═══ Data section
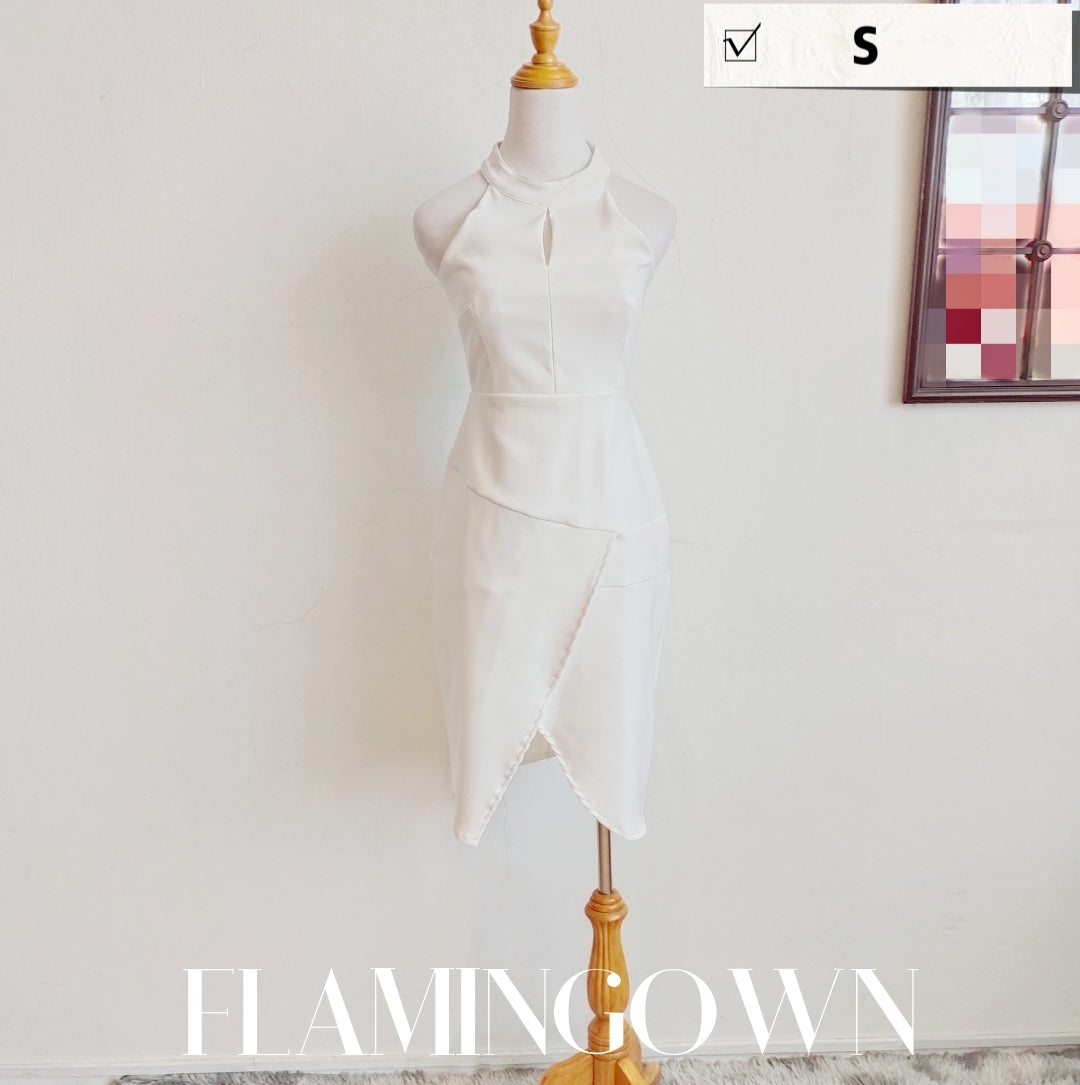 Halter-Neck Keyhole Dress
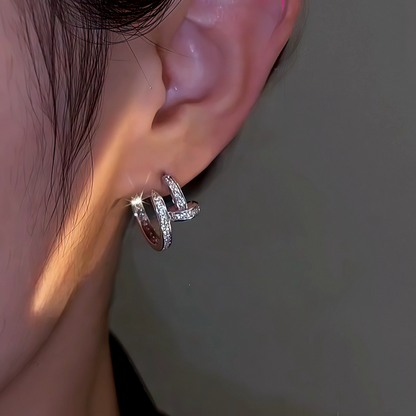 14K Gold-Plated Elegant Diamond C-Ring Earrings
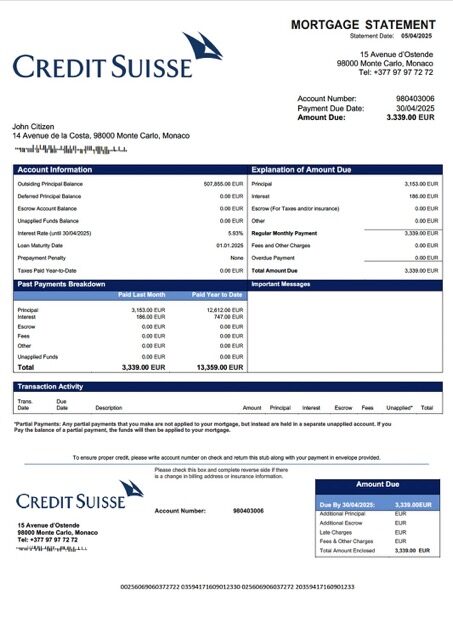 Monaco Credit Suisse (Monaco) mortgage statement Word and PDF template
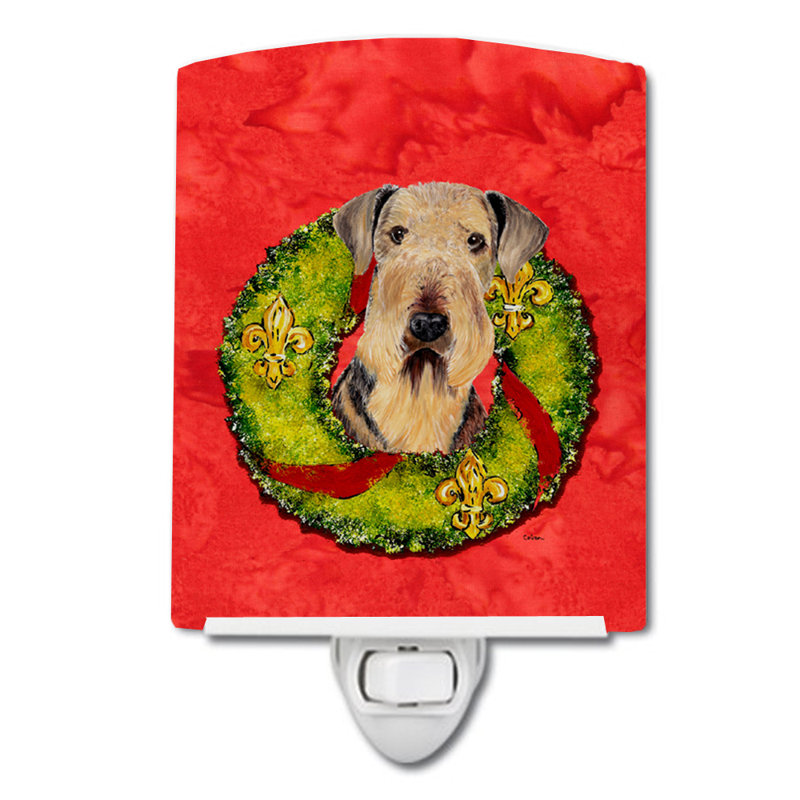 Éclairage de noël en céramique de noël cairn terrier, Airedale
══════
# Task prompt
An exact copy is needed of the lines running from the one with "14K Gold-Plated Elegant" through the end of the data above, and of those lines only, without pictures.

# Reply
 14K Gold-Plated Elegant Diamond C-Ring Earrings
 Monaco Credit Suisse (Monaco) mortgage statement Word and PDF template
 Éclairage de noël en céramique de noël cairn terrier, Airedale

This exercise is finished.